Systemic lupus erythematosus (SLE) is a multisystem autoimmune disease with a chronic course and variable manifestation. SLE affects roughly 20 to 150 people per 100,000,[ with a higher incidence in women (a female/male ratio ranging from 6:1 to 10:1).[ The etiology of SLE is still undefined while the clinical onset derives from various factors including genetic predisposition, environmental stimuli, immunological and hormonal dysregulation.[ The presence the multiple autoantibodies, which led to formation and deposition of immune complexes (ICs), could be considered a disease hallmark.[ SLE can virtually affect any organ system, with a wide heterogeneity in terms of clinical manifestations requiring personalized treatments.[

SLE-related eye involvement could occur at any stage of the disease and is usually indicative of disease activity, which mostly involve both eyes. Keratoconjunctivitis sicca is the most frequent ophthalmic manifestation[ while retinal and choroidal involvement are most associated with visual loss.[ Retinopathy in SLE most commonly presents with microangiopathy manifesting as cotton-wool spots and intra-retinal hemorrhages.[ Vaso-occlusive retinopathy such as retinal arterial and venous occlusions are rarely described as initial manifestation in SLE patients. Symptomatic retinal vasculopathy has been reported in 0.66% of patients with SLE, which often leads to poor visual outcome, with more than one third of the involved eyes did not recover from bad vision.[ Here we reported a case of rare unilateral vaso-occlusive retinopathy in SLE, which characterized by extensive occlusion of branch retinal arteries and arterioles around the macula.

Case presentation

A 31-year-old woman visited our eye clinic complaining of vision loss in left eye. The patient had a sudden loss of vision in the left eye 5 days ago without any obvious inducement. There was no ocular redness, discharge, pain or periorbital swelling. She was married with twice normal obstetric experience. She had no previous history of being diagnosed with any disease.

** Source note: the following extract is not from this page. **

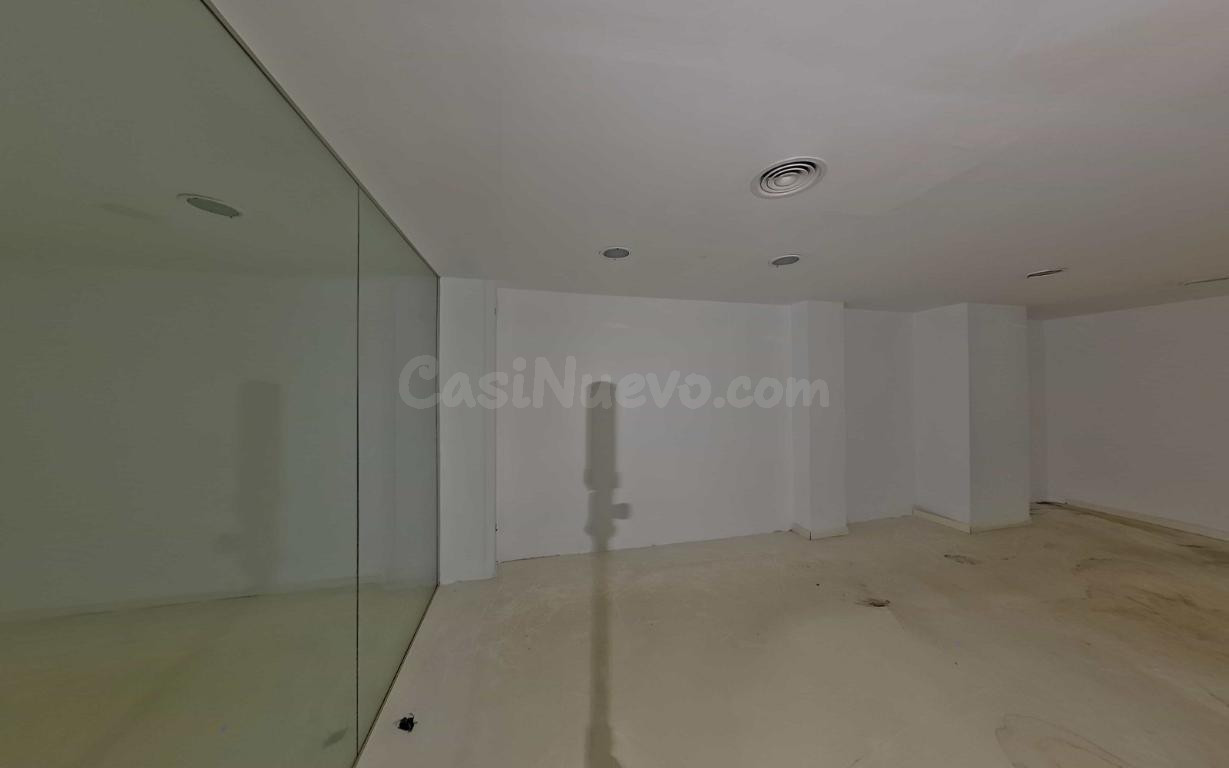 LOCAL COMERCIAL EN VENTA EN MATARÓ - foto 5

Ocular examination revealed the best corrected visual acuity (BCVA) of the left eye was 20/50; the BCVA of the right eye was 20/20. Intraocular pressure and anterior segment examination was normal. On fundus examination (Figs. 1 and 2), in left eye there were several cotton-wool spots near the nasal and upper branch artery. The macular was edema, with multiple gray-white ischemic area around. Arteriolar attenuation was present near macula, middle-distal part of which was white thread-like occlusion. The branch retinal veins were slightly tortuous and dilated. In mid-peripheral and peripheral retina, blot hemorrhages and white-line like occluded arterioles can be clearly seen. This fundus image was suggestive of a vaso-occlusive retinopathy in left eye, for comparison, there is no abnormality in the right eye. Cystoid macular edema of the left eye was confirmed by frequency-domain optical coherence tomography (OCT) (Fig. 3). Fundus fluorescein angiography (FFA) (Fig. 4) showed multiple ischemic areas in the area around the macula, arteriolar attenuation, and nonperfusion arteries in temporal and superior temporal. Leakage could be seen in the branch veins at the late stage of the angiography. The fundus of the right eye, OCT and FFA were normal.

Figure 1

Fundus image of the left eye. There were several cotton-wool spots near the nasal and upper branch artery. There are gray-white areas of ischemic edema around the macula, between the branches of small arteries. Arteriolar attenuation was present near macula, middle-distal part of which was white thread-like occlusion. The branch retinal veins were slightly tortuous and dilated. In mid-peripheral and peripheral retina, blot hemorrhages and white-line like occluded arterioles can be clearly seen.

Figure 2

Scanning laser fundus image of the left eye. The middle section of the artery-the distal end is slender, white thread-like occlusion, the local small blood vessels under the nose and above the peripheral white sheath (indicated by the white arrow), and retinal hemorrhage (indicated by the triangle).

Figure 3

SD-OCT image of the left eye. A small focal bulge can be seen on the RPE layer of the retina in the macular area of the left eye. Macula is edema, with high reflection signals in the inner layer, and cystic low reflection signals between the foveal nerve and epithelium.

Figure 4

FFA image of the left eye. (A) is the early image of the left eye angiography, the inferior temporal and supratemporal retinal arteries were obviously thinner. The arteries are segmentally non-perfusion; (B) is during the mid-stage angiography, the filling front was still visible in the middle-distal part of the inferior temporal artery, and the large subtemporal small blood vessels were not visible; (C) is the late image of the angiography, with leakage of the venous wall accompanied by staining. During the radiography, there was no nonfluorescent filling in the multiple ischemic areas scattered around the macula.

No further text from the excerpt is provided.